> _PROBLEM REQUIREMENTS_:
Only the lines below from the one containing "蓄光で光るパスケース Digital Tattoo" to the one containing "艳字组词 艳字组词拼音" should be repeated, both included and unchanged.

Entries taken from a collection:
- - - - - - -

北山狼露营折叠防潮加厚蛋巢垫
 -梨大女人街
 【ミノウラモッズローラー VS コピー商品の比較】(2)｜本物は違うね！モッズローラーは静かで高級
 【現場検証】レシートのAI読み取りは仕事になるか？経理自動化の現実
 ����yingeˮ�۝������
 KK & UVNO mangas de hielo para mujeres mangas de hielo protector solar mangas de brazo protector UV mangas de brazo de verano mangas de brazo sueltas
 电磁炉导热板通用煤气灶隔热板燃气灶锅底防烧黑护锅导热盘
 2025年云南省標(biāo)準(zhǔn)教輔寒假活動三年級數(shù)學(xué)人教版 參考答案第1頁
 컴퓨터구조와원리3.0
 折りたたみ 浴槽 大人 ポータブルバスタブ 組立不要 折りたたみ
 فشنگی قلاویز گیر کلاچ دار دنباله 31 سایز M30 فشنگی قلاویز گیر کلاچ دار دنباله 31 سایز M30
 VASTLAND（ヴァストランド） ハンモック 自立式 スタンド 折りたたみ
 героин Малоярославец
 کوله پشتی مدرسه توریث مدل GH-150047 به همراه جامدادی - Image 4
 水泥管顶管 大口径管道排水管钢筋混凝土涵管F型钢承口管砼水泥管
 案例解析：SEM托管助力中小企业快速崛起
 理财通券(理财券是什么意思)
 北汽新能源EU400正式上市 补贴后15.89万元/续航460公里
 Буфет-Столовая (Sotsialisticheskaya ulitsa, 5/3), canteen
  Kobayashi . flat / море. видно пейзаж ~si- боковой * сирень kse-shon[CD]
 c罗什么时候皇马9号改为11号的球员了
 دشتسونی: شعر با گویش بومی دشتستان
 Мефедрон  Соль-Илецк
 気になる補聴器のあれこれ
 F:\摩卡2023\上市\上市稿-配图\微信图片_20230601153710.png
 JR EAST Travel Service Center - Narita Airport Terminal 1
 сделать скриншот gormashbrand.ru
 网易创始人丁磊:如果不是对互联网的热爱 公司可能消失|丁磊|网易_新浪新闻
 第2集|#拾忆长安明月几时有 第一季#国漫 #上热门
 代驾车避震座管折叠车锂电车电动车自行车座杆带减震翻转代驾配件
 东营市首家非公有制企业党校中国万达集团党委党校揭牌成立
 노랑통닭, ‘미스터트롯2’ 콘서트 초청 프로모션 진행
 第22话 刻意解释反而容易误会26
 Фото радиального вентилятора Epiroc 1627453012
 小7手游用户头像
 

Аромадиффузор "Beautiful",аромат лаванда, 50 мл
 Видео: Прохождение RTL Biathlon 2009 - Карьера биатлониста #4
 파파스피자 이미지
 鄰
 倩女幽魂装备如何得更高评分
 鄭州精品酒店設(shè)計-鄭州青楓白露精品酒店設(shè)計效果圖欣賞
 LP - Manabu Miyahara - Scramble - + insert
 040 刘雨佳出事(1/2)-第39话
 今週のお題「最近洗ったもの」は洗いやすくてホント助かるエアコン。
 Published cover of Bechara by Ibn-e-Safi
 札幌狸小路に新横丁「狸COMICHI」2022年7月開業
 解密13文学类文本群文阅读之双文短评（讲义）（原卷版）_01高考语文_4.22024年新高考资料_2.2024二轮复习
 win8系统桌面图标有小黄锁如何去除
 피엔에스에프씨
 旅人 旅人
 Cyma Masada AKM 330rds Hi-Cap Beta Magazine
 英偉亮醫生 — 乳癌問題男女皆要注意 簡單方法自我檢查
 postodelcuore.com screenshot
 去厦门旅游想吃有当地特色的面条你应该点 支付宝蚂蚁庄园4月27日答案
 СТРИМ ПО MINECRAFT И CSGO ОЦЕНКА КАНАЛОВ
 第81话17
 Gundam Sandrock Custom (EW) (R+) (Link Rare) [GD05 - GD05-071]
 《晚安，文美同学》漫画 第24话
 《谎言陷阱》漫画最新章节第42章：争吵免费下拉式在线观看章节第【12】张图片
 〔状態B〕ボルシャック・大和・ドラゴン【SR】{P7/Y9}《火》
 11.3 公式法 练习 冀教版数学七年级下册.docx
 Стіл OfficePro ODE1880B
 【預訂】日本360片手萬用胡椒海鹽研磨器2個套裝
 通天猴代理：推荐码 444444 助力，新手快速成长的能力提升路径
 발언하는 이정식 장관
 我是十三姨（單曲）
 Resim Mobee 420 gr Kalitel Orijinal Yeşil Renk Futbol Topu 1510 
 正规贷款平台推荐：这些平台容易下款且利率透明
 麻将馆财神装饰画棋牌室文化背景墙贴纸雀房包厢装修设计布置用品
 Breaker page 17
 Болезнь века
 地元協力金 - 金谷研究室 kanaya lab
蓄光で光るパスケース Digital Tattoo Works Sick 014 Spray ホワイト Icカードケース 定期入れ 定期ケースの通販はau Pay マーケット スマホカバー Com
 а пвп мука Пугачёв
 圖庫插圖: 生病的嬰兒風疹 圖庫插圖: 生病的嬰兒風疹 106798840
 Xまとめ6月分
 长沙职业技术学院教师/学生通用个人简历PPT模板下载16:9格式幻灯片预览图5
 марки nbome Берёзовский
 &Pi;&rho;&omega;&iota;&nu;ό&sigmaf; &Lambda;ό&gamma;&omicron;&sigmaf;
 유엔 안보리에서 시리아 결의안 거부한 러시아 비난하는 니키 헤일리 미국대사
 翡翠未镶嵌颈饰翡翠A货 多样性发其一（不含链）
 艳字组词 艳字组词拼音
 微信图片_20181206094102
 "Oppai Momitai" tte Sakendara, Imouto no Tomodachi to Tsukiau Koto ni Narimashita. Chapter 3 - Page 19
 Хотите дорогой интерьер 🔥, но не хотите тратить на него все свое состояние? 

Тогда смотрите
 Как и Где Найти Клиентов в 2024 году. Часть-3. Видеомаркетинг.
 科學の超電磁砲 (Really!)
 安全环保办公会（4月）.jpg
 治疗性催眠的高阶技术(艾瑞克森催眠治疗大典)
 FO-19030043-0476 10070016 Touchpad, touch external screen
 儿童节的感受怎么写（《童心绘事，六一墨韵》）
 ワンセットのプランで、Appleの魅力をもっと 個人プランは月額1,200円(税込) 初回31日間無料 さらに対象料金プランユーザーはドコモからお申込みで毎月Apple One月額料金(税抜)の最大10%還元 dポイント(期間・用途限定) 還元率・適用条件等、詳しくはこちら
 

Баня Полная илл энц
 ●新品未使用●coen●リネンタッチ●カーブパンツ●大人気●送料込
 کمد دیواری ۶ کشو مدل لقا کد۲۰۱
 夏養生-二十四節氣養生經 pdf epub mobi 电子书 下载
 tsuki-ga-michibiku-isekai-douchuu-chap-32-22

- - - - - - -

> _TASK RESULT_:
蓄光で光るパスケース Digital Tattoo Works Sick 014 Spray ホワイト Icカードケース 定期入れ 定期ケースの通販はau Pay マーケット スマホカバー Com
 а пвп мука Пугачёв
 圖庫插圖: 生病的嬰兒風疹 圖庫插圖: 生病的嬰兒風疹 106798840
 Xまとめ6月分
 长沙职业技术学院教师/学生通用个人简历PPT模板下载16:9格式幻灯片预览图5
 марки nbome Берёзовский
 &Pi;&rho;&omega;&iota;&nu;ό&sigmaf; &Lambda;ό&gamma;&omicron;&sigmaf;
 유엔 안보리에서 시리아 결의안 거부한 러시아 비난하는 니키 헤일리 미국대사
 翡翠未镶嵌颈饰翡翠A货 多样性发其一（不含链）
 艳字组词 艳字组词拼音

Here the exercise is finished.